草莽隊日記

混濁の世を憂いて一言

国柄を守らんとして敵味方に分かれた戊辰戦の悲劇

2024年04月13日 | 歴史
 吉田松陰ですら当初は公武合体を支持していたのに、それが討幕派になったのはなぜか。浄土真宗の僧黙霖に論破されたからいわれといわれていますが、それ以上に欧米列強の脅威に対処できない幕府への憤りがあったからでしょう。

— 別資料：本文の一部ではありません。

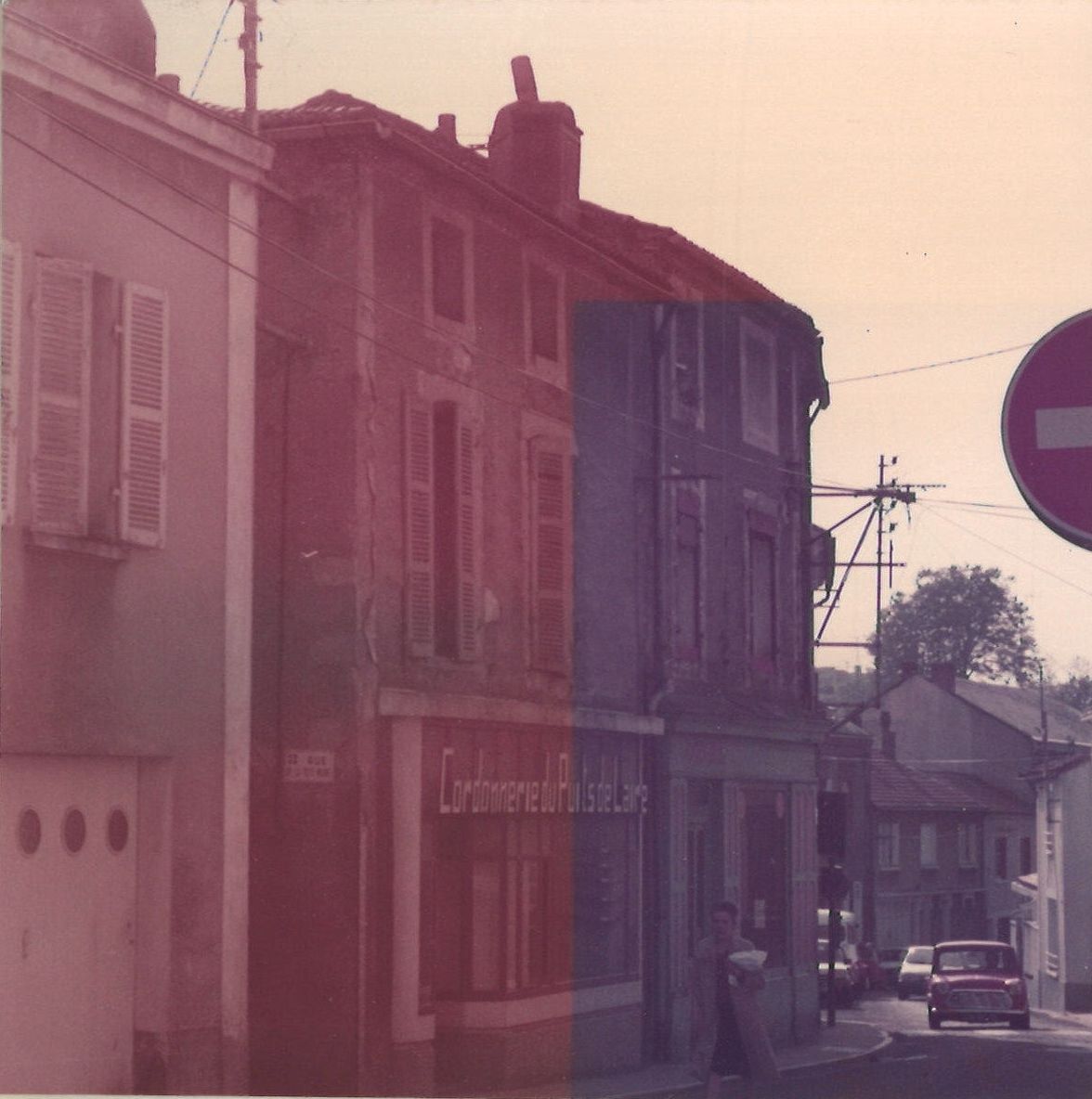 33W32 - Façade de la Cordonnerie de l'Aire, 1983.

 とくに、首席老中であった阿部正弘の死によって、改革に向って走り出した路線がとん挫し、井伊直弼の登場によって反動の風が吹き荒れます。正弘は薩摩の島津斉彬(なりあきら)や水戸斉昭に接近し、250年わたった幕府の政治に終止符を打とうとしましたが、それを覆したのが大老に就任した直弼でした。将軍後継問題で一橋慶喜を推した勢力を排除し、敵味方の見境がなくなるほどに弾圧しました。そこで松陰やその一門は討幕を決断するにいたったのです。

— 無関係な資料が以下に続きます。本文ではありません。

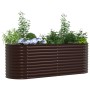 Huerto Elevado Marrón 240x80x81 cm Acero Galvanizado by , Pots and planters - Ref: Foro24-42008134, Price: 148,95 €, Discount: %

 安政の大獄に憤慨して松陰門下の者たちが立ち上がったのです。その代表格が久坂玄瑞でした。攘夷の決行を幕府に迫りました。孝明天皇の逆鱗に触れたことで、長州は文久3年の8・18政変で京都を追い出され、天忠組の決起は失敗しますが、明治維新に向けた一歩を踏み出すことになったのです。
 また、久留米の神官真木和泉は、元治元年の禁門の変に際して、長州の大軍が到着する前に、限られた人数で京都に攻め込むことを主張しました。久坂もそれに同意し京の地を死に場所としたのです。市井三郎は「真木は天皇を諫争するためには、ここで自分を含めて先発隊が死んで見せることが必要であり、二千のものが奮戦・死闘をやることによって、きっとそのあと、諸大藩が立ち上がる情勢が生まれるだろう、という見通しをもっていました」(『明治維新の哲学』)と書いています。これをきっかけにして、長州では俗論党が倒され、薩長連合が成立し、第二次長州戦争が幕府側の敗北に終わります。

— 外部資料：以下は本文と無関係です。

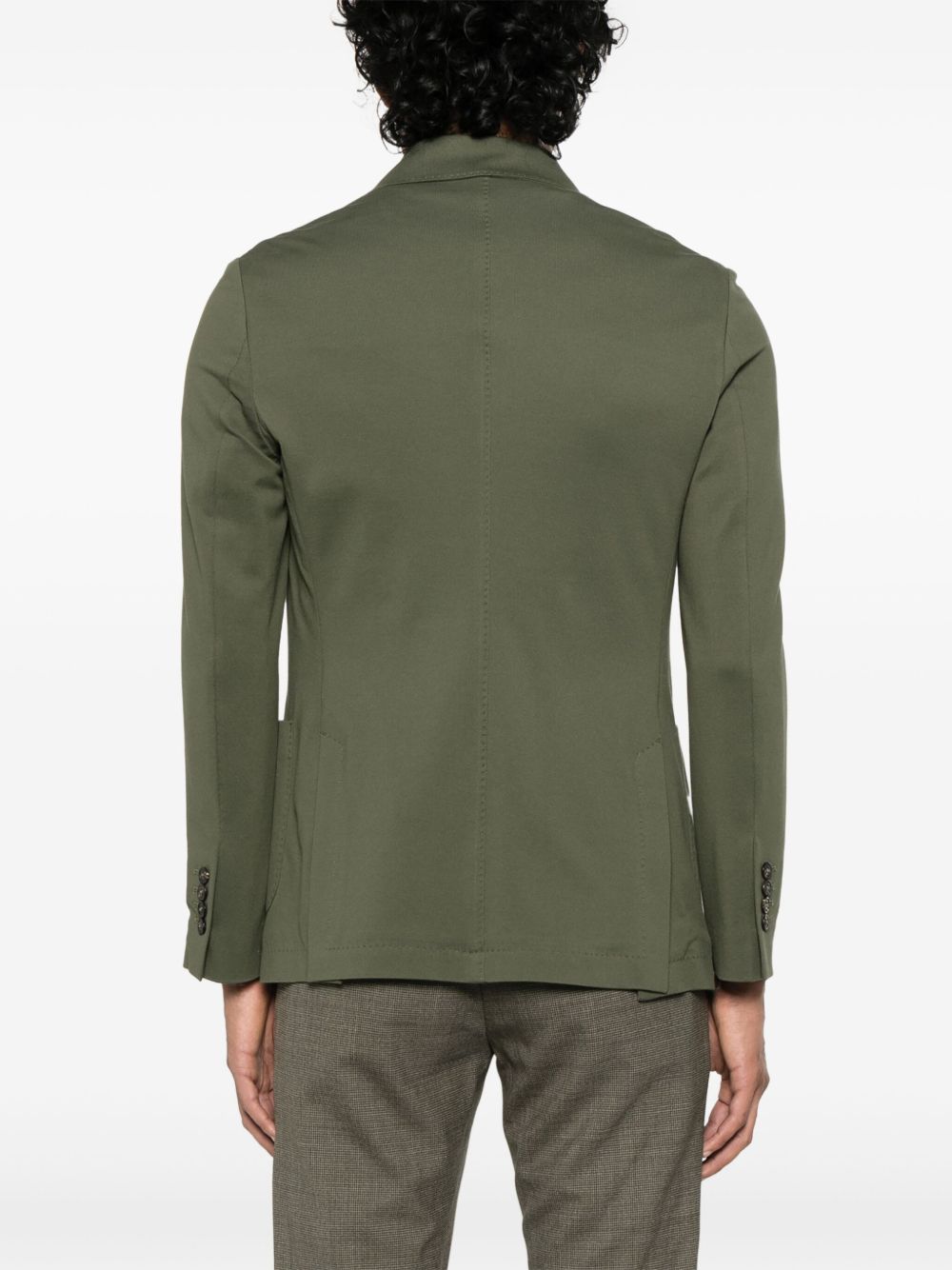 Cotton double-breasted jacket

 しかし、会津やそれを支援する旧幕府軍、奥羽越列藩の仙台や米沢などは、そうした薩長の動きに対して警戒心を募らせ、抵抗の姿勢を貫こうとします。とくに会津は神道の藩であり、京都守護職として一時は「王城の護衛者」となった自負もあって、飯盛山での白虎隊の悲劇へと結びつくのです。少年たちは文天祥の詩「人生古自り 誰か死無からん 丹心を留取して 汗青を照らさん」(「零丁洋を過ぐ」)を吟ずることで、賊軍ではないことを示そうとしました。
 あくまでも主導権争いとしての権力闘争であり、日本丸の舵取りは誰がふさわしいかをめぐっての戦いでした。敗れたとはいえ会津は、国論を分裂させることを潔しとせず、明治国家の建設に協力し、教育界に多くの人材を送り出したのです。
 真木も天忠組も白虎隊も、その根本にあったのは日本の国柄を守らんとする精神でした。敵味方となって争ったとしても、その根本には共通の熱き思いが脈打っていたのです。